Heading to Krakow in May and looking for a decent 4* hotel.

I was checking a few portals for the dates in question and realised I had used Lastminute.com in the past but seemed to be no benefit. Just as a test I put in several dates within the next couple of months but the prices seemed to be no different.

I'm wondering what is the optimum time to but on Lastminute.com - is it immediate future, 1-2 months out or 5-6 months out?

Any advice would be appreciated, or any recommendations for hotels (near Jewish district).

Roy


----------



## horusd (8 Dec 2015)

I was in Krakow 2 yrs ago. I booked with Booking.com and stayed in a lovely place called Ventus Rosa Apartments. They were central but not near the Jewish district. Having said that, Krakow is a very easy city to get around. As a by the by, I often clear cookies on my browser when using booking sites. You'll be surprised how prices can change( incl. flight prices) if someone knows your browsing history. Now I clear the cookies as a matter of course. Also check out expedia.ie for comparison. Here's a link to the Ventus site:

http://www.booking.com/hotel/pl/ven...d6805afdc4722db70d4e8641X1;type=total;ucfs=1&


----------



## Broadcaster (9 Dec 2015)

There are lots of good value apartments to rent near the centre. Better than hotels if there are more than two of you travelling.
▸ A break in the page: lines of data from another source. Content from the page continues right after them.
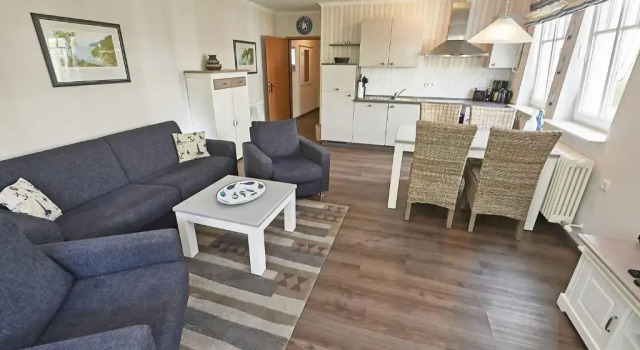 Апартаменты Duenenpark Binz F619 WG202 im EG mit Terrasse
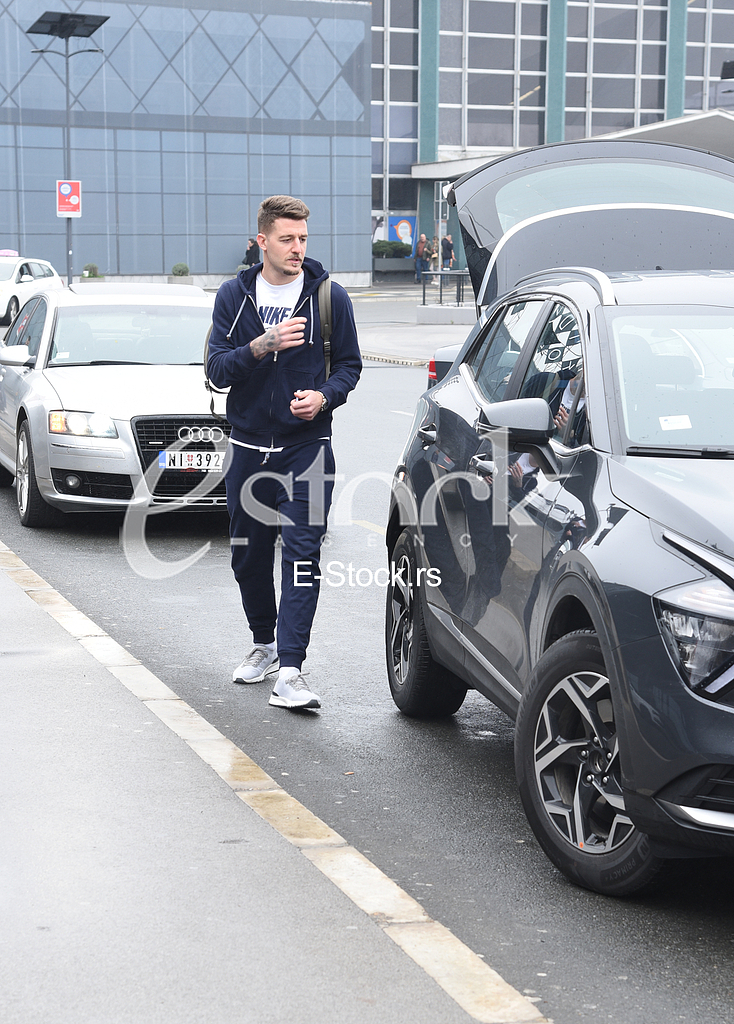 Sergej Milinkovic_aerodrom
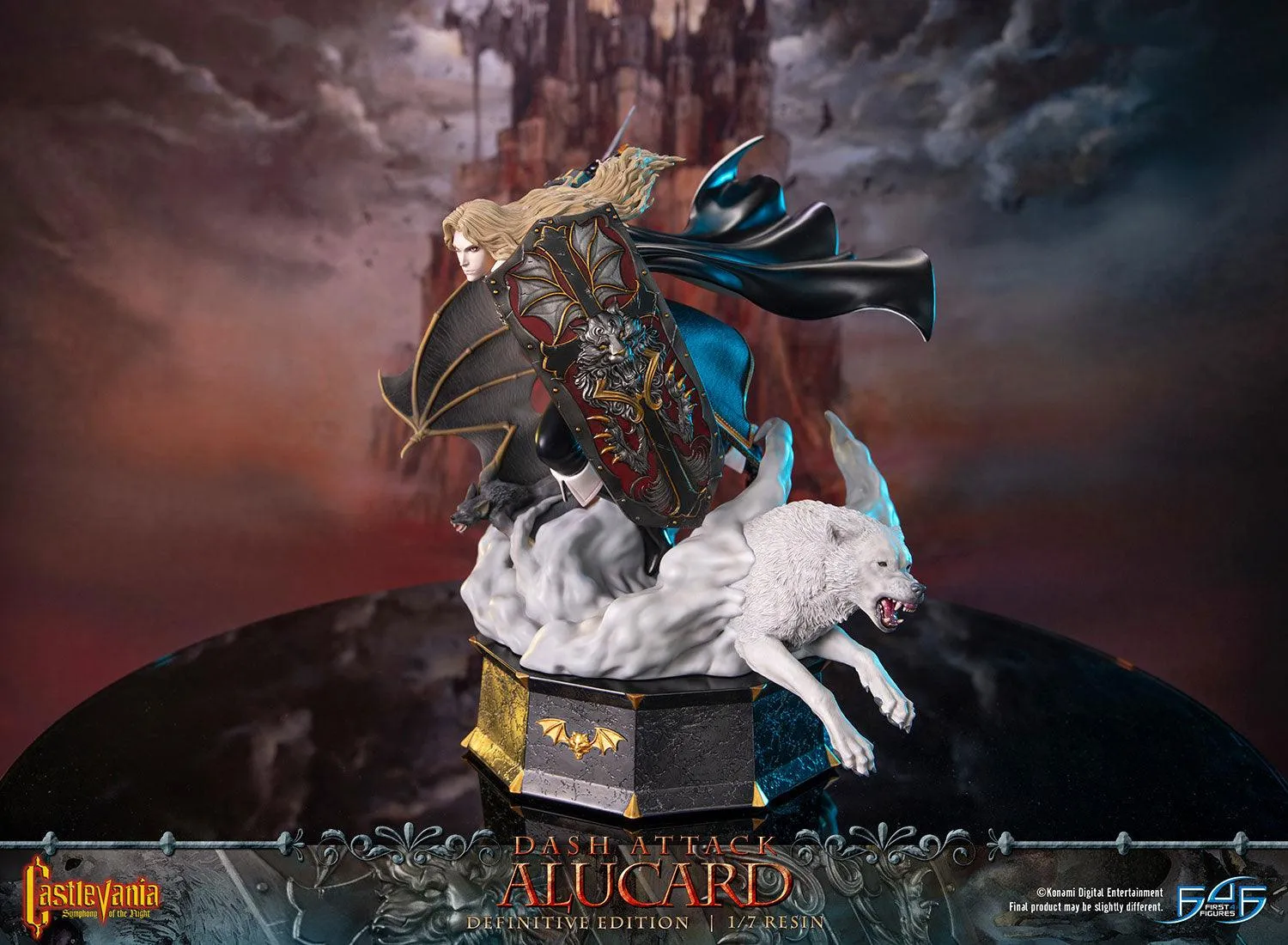 First 4 Figures Castlevania Alucard Dash Attack Definitive statuetă rășină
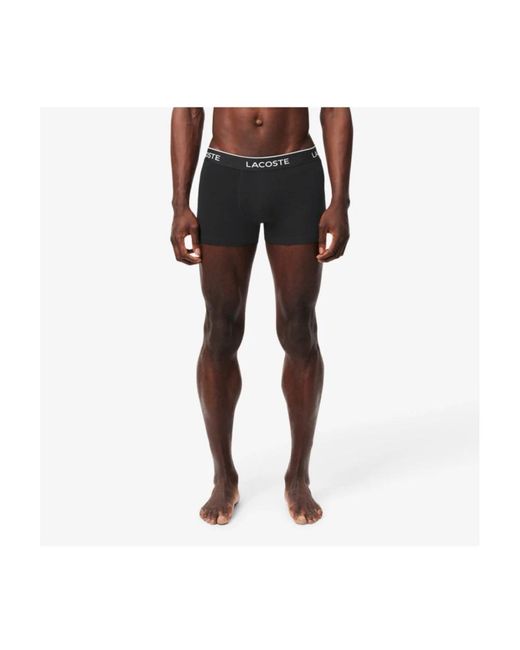 Bottoms Lacoste de hombre de color Black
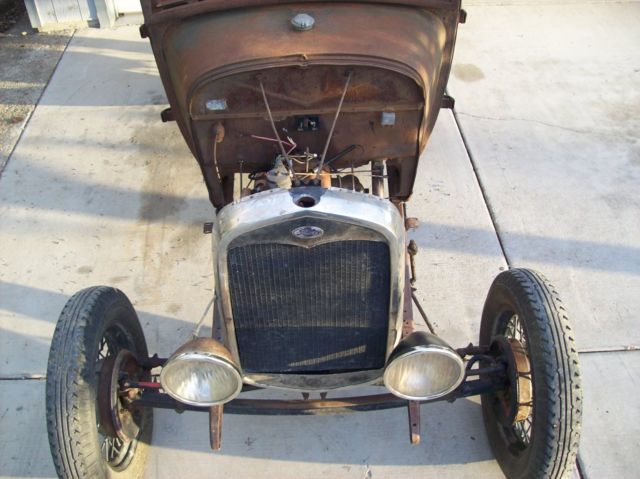 1928 Ford Model A - photo 10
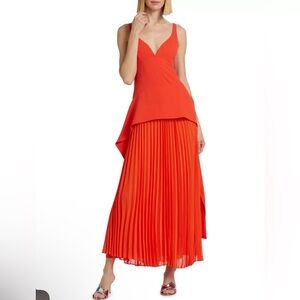 SIMKHAI Sequoia Sleeveless V-Neck Maxi-Dress
null Size 8 NEW!!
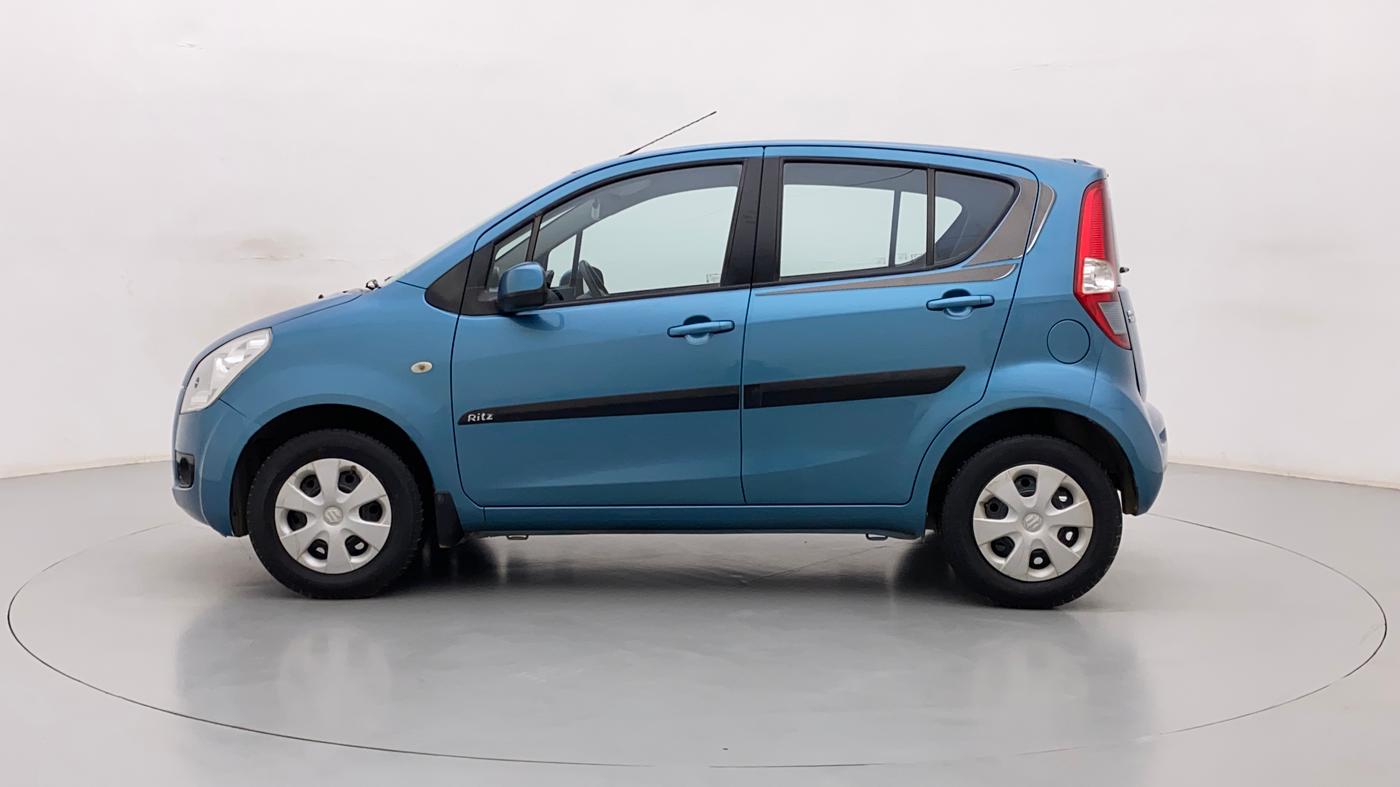 2010 Maruti Ritz VXI GENUS, Petrol, Manual, 27,064 km, Left Side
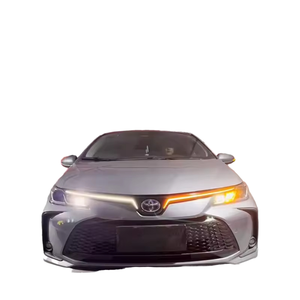 New <span class=keywords><strong>Front</strong></span> Led Lưới Tản Nhiệt Trung Tâm Ánh Sáng DRL Cho Cho 2019-2024 12V 6000K Ban Ngày Chạy Mui Xe Đèn Với Tín Hiệu Lần Lượt - Product Image 1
 If you really want a hotel then using Bookings.com or Expedia will allow you to book now and cancel later free of charge if you do so 48 hours before travelling. With Expedia you can keep an eye on other sites and if you see the same hotel for the same dates at a cheaper price they will refund the difference. Good luck. Enjoy Kraków. Great destination.


----------



## clueless (9 Dec 2015)

I agree. Great city. Loads to do.


----------



## Sammy's Daddy (28 Dec 2015)

horusd said:


> I was in Krakow 2 yrs ago. ................................................ They were central but not near the Jewish district. Having said that, Krakow is a very easy city to get around.* As a by the by, I often clear cookies on my browser when using booking sites. You'll be surprised how prices can change( incl. flight prices) if someone knows your browsing history.* Now I clear the cookies as a matter of course.  ...................................


I had heard of this and suspected as much. So, I generally look up at home and book from the local Library. Of course that could be saturated with cookies but I feel better about it. Never dreamed of clearing cookies . Thanks for that.


----------